(Data extracted from a collection)
^^^^

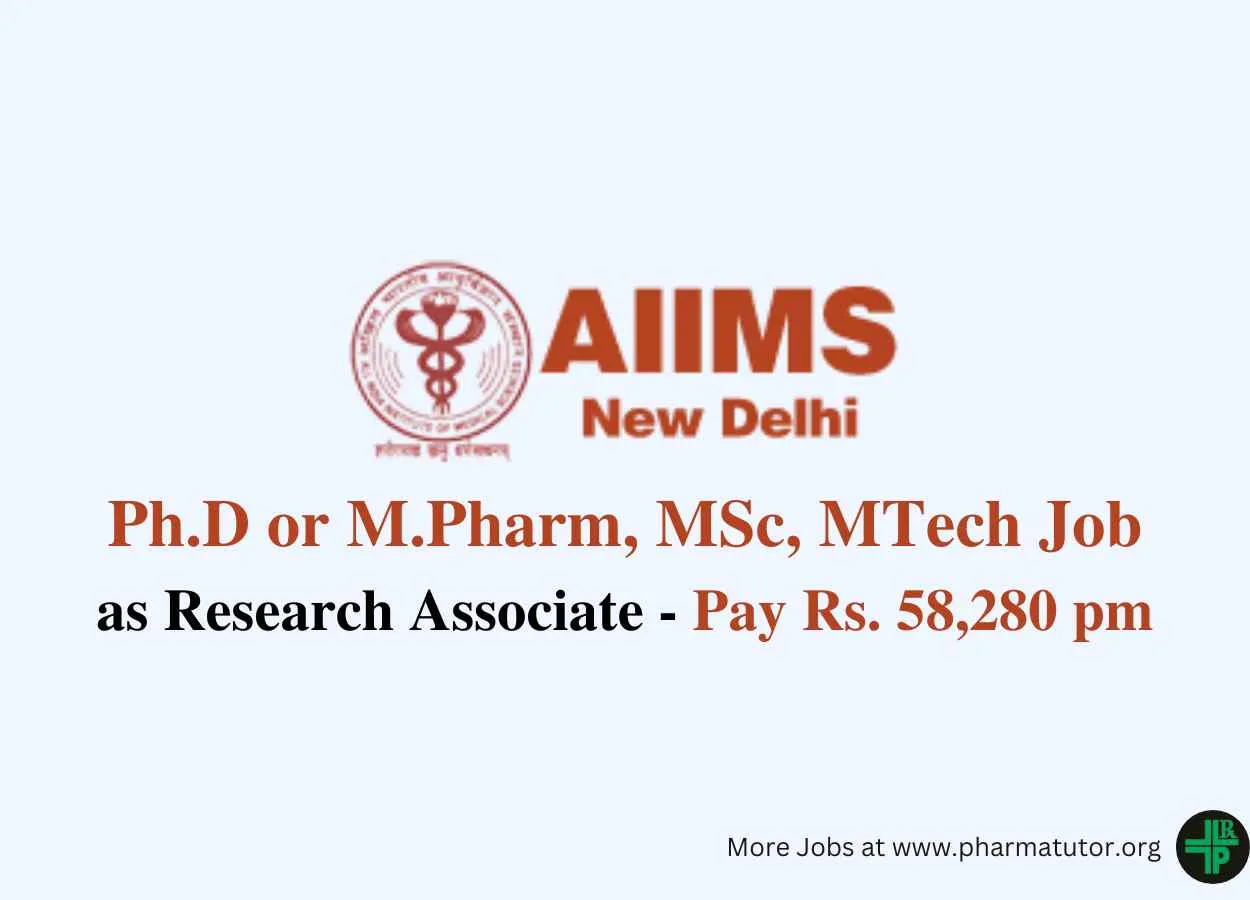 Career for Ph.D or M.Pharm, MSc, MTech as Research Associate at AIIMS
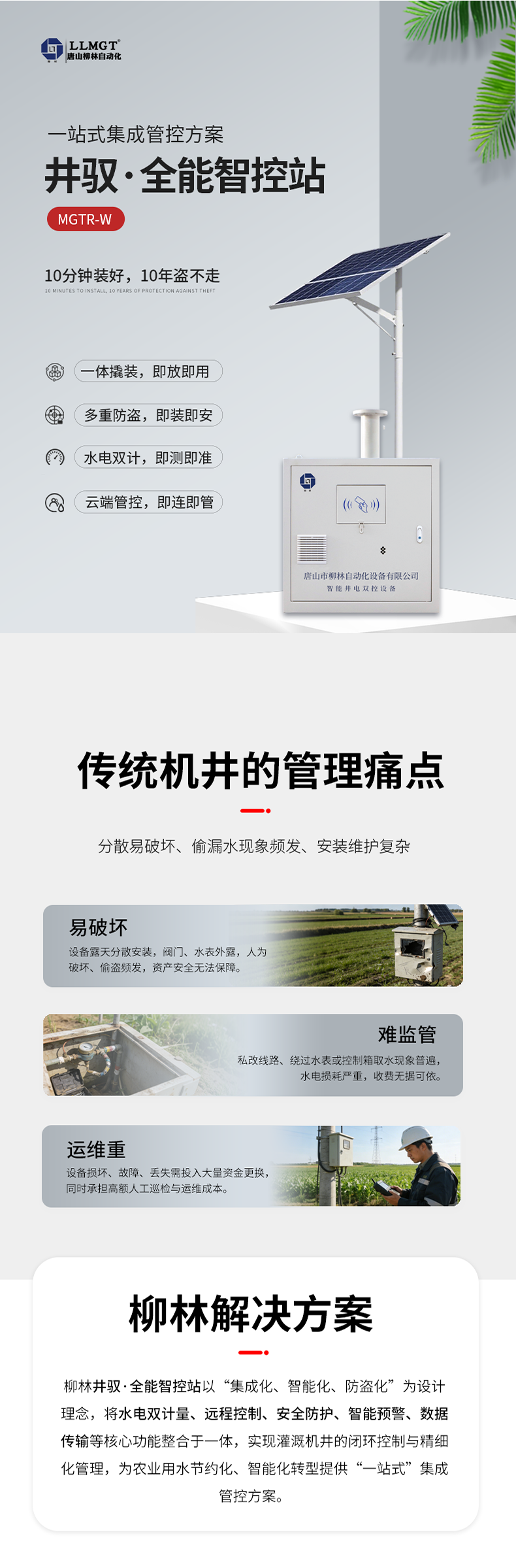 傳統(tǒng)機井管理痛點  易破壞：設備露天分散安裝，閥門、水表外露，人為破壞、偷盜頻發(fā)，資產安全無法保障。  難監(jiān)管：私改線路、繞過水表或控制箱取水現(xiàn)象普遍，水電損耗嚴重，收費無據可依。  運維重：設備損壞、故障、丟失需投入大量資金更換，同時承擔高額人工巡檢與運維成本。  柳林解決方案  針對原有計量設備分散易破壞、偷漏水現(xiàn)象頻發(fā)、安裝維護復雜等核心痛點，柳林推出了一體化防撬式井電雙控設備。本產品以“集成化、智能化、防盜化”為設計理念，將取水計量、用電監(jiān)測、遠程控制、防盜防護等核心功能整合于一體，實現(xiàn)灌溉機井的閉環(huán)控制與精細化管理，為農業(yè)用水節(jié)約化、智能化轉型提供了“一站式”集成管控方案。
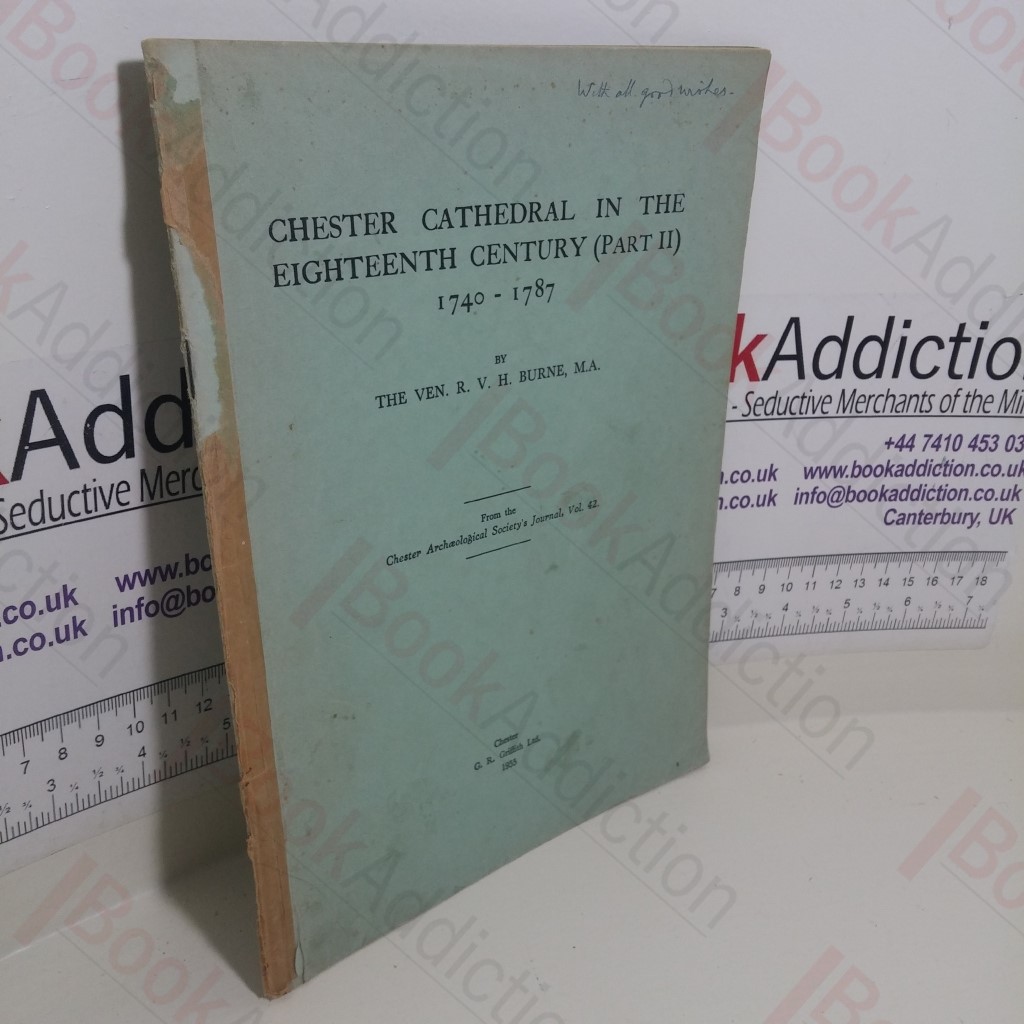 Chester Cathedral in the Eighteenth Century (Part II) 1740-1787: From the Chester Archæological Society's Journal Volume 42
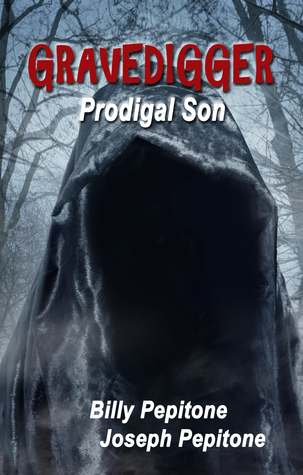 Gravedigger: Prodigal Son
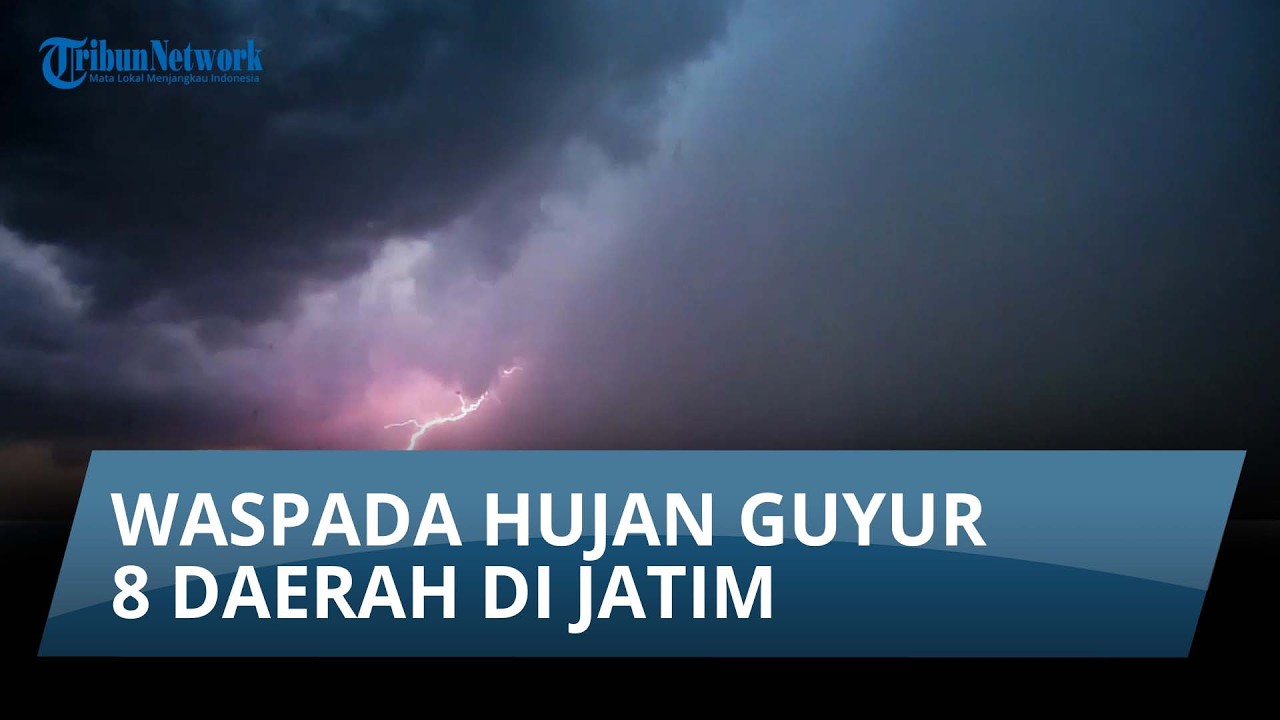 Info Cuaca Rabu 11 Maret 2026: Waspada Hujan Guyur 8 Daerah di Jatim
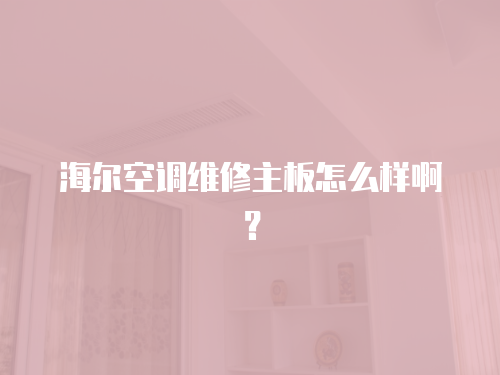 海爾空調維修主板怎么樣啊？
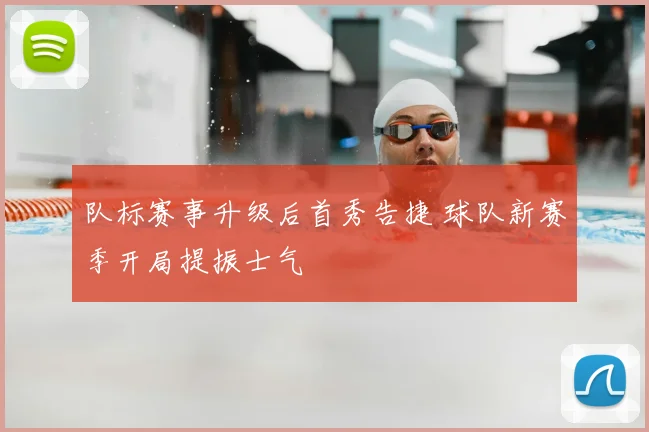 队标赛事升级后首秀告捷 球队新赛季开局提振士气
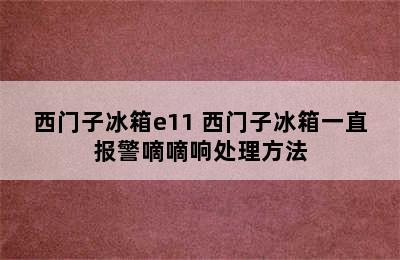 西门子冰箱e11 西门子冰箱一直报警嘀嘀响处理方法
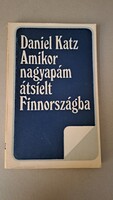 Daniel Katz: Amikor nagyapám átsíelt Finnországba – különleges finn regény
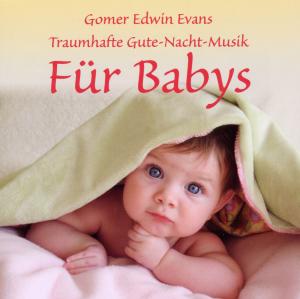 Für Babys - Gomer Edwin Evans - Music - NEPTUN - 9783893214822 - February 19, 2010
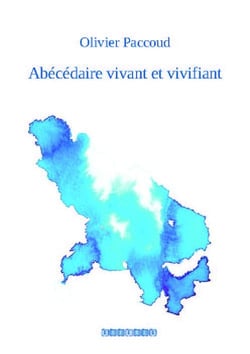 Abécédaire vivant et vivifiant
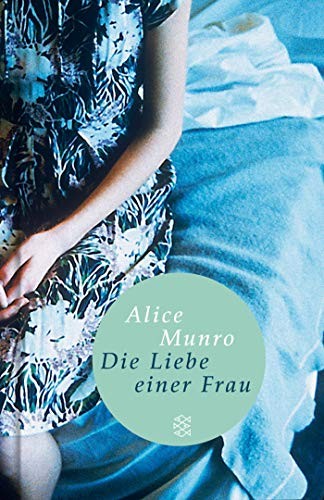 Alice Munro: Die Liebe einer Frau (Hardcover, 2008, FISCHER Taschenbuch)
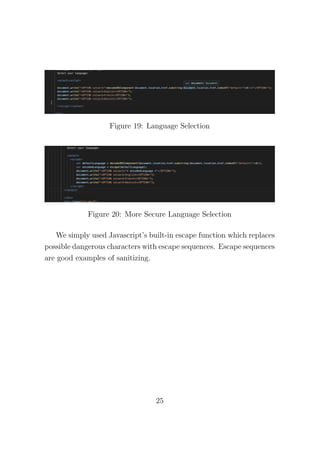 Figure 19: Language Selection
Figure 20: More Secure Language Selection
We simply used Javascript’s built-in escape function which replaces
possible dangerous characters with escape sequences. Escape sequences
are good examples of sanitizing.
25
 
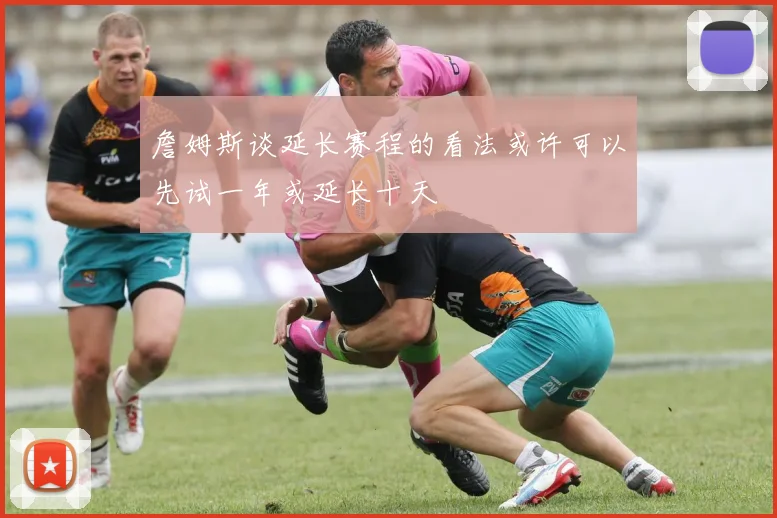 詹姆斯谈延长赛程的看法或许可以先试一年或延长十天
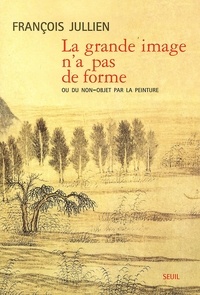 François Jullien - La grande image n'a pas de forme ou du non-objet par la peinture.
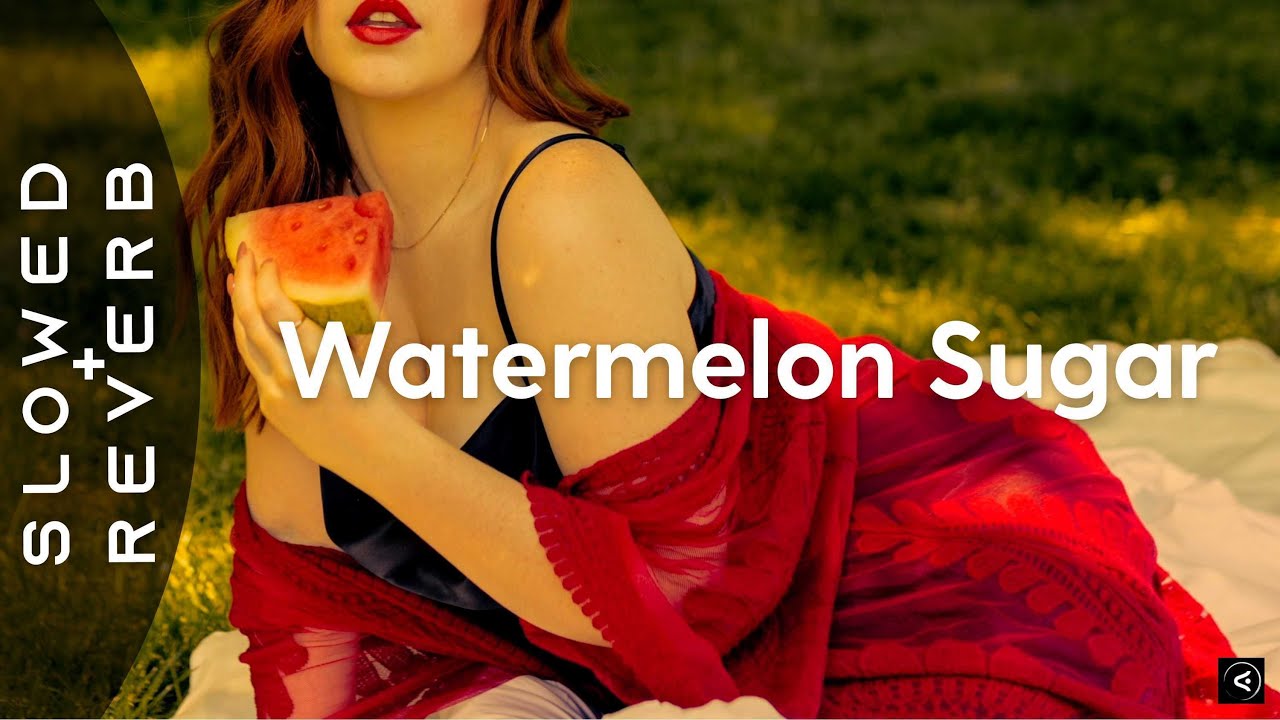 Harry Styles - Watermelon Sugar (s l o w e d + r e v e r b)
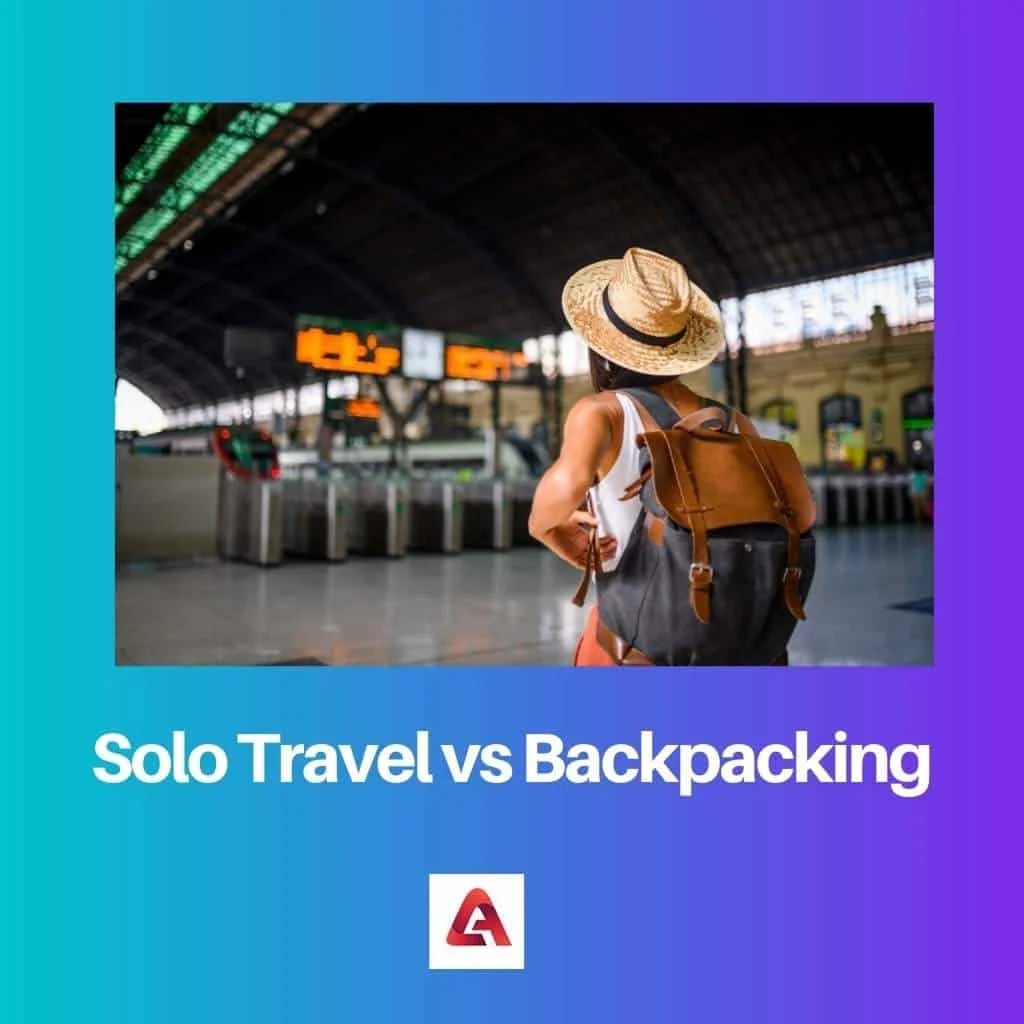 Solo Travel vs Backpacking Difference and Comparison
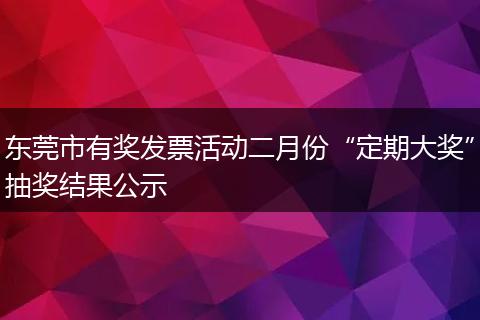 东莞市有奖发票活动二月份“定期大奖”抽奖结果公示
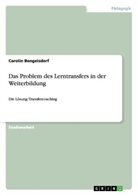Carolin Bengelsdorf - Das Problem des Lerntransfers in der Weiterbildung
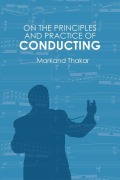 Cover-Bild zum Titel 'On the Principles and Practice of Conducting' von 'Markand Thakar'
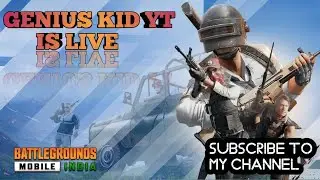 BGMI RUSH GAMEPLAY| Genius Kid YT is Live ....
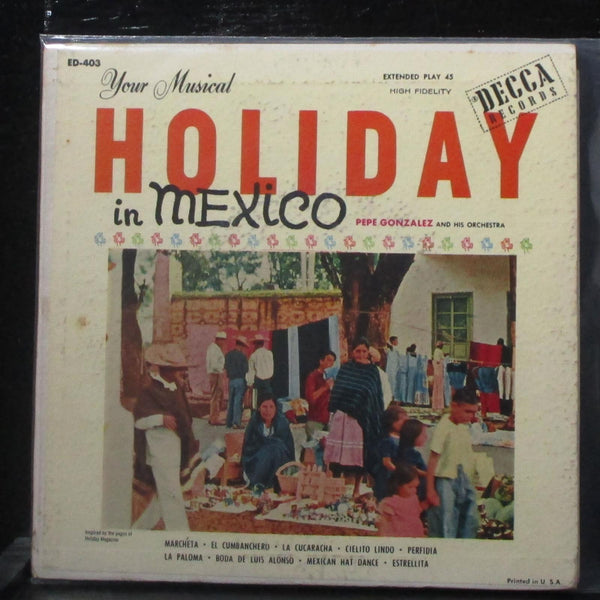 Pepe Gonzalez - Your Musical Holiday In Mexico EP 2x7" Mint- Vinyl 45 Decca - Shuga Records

^^^^

◆ **Goal of the exercise**: Reproduce the records exactly, starting with their first line and ending with the line that contains "西门子冰箱e11 西门子冰箱一直报警嘀嘀响处理方法", though pictures should be dropped.

◆ **Completed task**:
 Career for Ph.D or M.Pharm, MSc, MTech as Research Associate at AIIMS
 傳統(tǒng)機井管理痛點  易破壞：設備露天分散安裝，閥門、水表外露，人為破壞、偷盜頻發(fā)，資產安全無法保障。  難監(jiān)管：私改線路、繞過水表或控制箱取水現(xiàn)象普遍，水電損耗嚴重，收費無據可依。  運維重：設備損壞、故障、丟失需投入大量資金更換，同時承擔高額人工巡檢與運維成本。  柳林解決方案  針對原有計量設備分散易破壞、偷漏水現(xiàn)象頻發(fā)、安裝維護復雜等核心痛點，柳林推出了一體化防撬式井電雙控設備。本產品以“集成化、智能化、防盜化”為設計理念，將取水計量、用電監(jiān)測、遠程控制、防盜防護等核心功能整合于一體，實現(xiàn)灌溉機井的閉環(huán)控制與精細化管理，為農業(yè)用水節(jié)約化、智能化轉型提供了“一站式”集成管控方案。
 Chester Cathedral in the Eighteenth Century (Part II) 1740-1787: From the Chester Archæological Society's Journal Volume 42
 Gravedigger: Prodigal Son
 Info Cuaca Rabu 11 Maret 2026: Waspada Hujan Guyur 8 Daerah di Jatim
 海爾空調維修主板怎么樣啊？
 队标赛事升级后首秀告捷 球队新赛季开局提振士气
 西门子冰箱e11 西门子冰箱一直报警嘀嘀响处理方法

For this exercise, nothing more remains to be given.